‘The City Ground detonated like it was 1978’: How Liverpool survived Forest scare

CITY GROUND — A second successive draw for Liverpool proved less costly than it might. This was a game they will feel they should have won but could easily have lost. In the end the failure of Chelsea and Manchester City to capitalise removed all jeopardy from the evening.

Forest are not easily subdued. For all their possession and second-half threat Liverpool trailed for more than an hour. Mohamed Salah, so often the difference, was again subdued, suggesting the contract dispute might be weighing more heavily the longer it drags on.

Liverpool required a set-piece to better the remarkable Matz Sels in the Forest goal, a mundane header from Diogo Jota cancelling Chris Wood’s surgical early strike. It is for Arsenal to make the most of Liverpool’s slip with victory in the north London derby but their own struggles in front of goal point to another anxious evening at the Emirates.

After a lightning break in the seventh minute to take the lead with the kind of move that has become their signature, Forest showed immense character to keep Liverpool blank. Arne Slot was full of credit for Forest, and praise for his own team in limiting them to one counter punch.

Liverpool increased the intensity after the break but found Forest resolute in defence and between the sticks a goalkeeper in Sels with spidey senses fully engaged. Slot acknowledged the quality of the opponent. “It is no surprise after 20 games that they are second in the league. I see no reason for them to drop a lot of points. They are very difficult to play against.”

Fired by an early goal and a fierce sense of purpose, Forest harried and blocked Liverpool to the point of oblivion. And when Liverpool brought themselves level, Forest found even greater strength to maintain parity. A draw was absolutely the least they deserved for their refusal to buckle.

The defensive effort in the last 30 minutes to somehow keep Liverpool out was greeted with its own serenade by a crowd glorying in this season’s elevation and the connection with their team.

Theirs was a brilliant demonstration of the defensive arts. The point about Forest is they are designed to function like a spring, absorbing the opponent’s possession. But that should not be viewed as inferiority. It is by design, with the added quality of dulling the defensive instincts of the opponent.

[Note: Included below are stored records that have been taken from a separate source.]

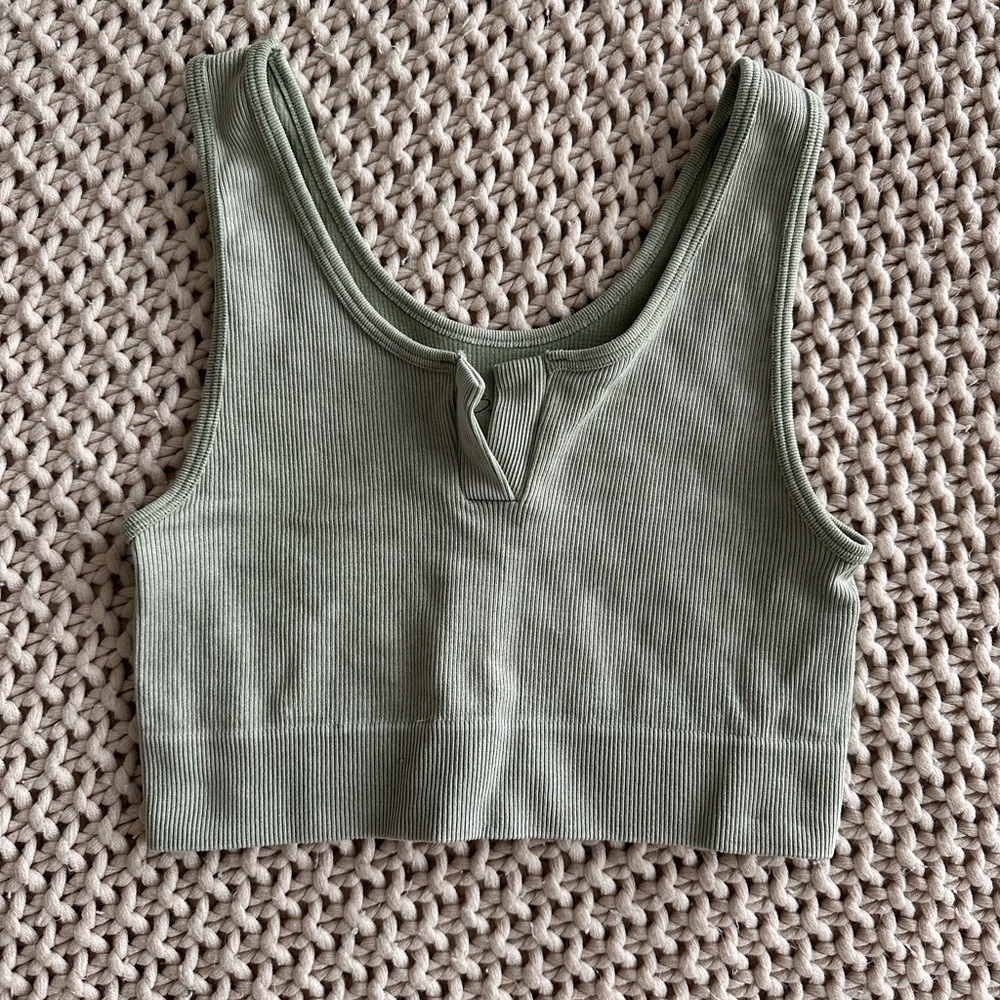 Sage Green Ribbed Women's Crop Top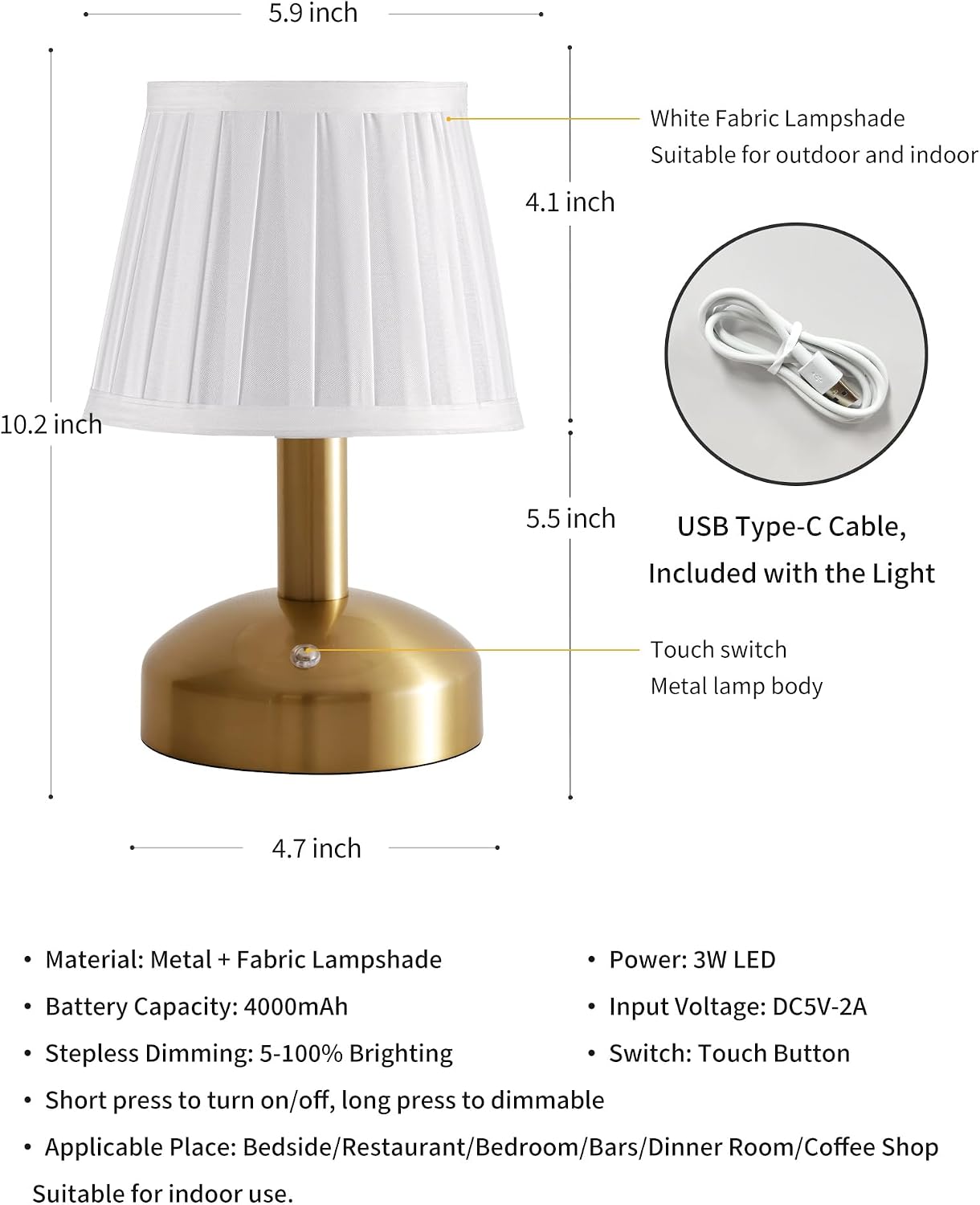 KDG Gold Cordless Small Table Lamp, Portable LED Fabric Shade Desk Lamp | Modern 4000mAh Rechargeable Battery Operated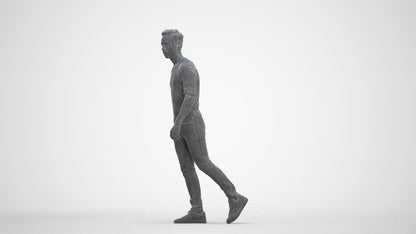 3D human model man casual walking, photogrammetry scanned person for archviz, three-quarter front view render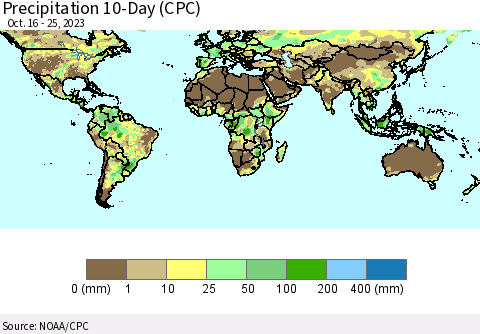 World Precipitation 10-Day (CPC) Thematic Map For 10/16/2023 - 10/25/2023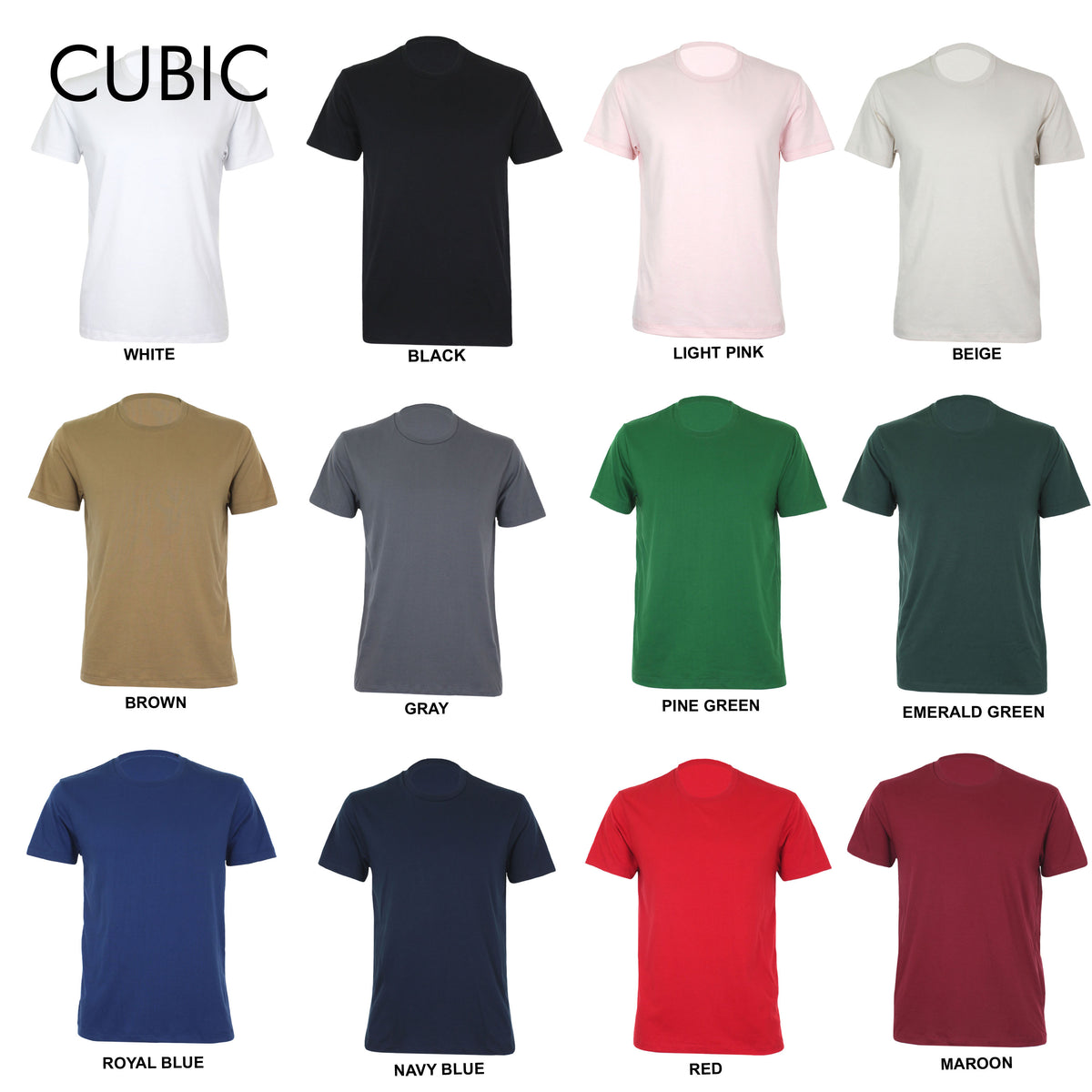Cubic Men Plain Round Neck Basic T-Shirt Cotton Casual TShirt Plain Tee Top Top for Men - CMB-RNJ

Liverpool were all swagger here. Forest stayed calm then, at the first opportunity, unleashed the scalpel and sliced them open. Callum Hudson-Odoi to Anthony Elanga to Chris Wood, goal. It was that surgical. Quick and clean, leaving Liverpool wondering what hit them.

The City Ground, already crackling with nervous energy, detonated like it was 1978, when these two teams first went at it in a genuine title duel. This is what they came for, a goal up against the Premier League’s marquee team, and achieved just as they knew it would be, by ambush.

For all their pedigree, Liverpool did not make much of it where it matters. Shots were either speculative or snatched. The one gaping hole they opened in the first half via a Trent Alexander-Arnold pass so good it might have been delivered by drone was butchered by an indecisive Luis Diaz.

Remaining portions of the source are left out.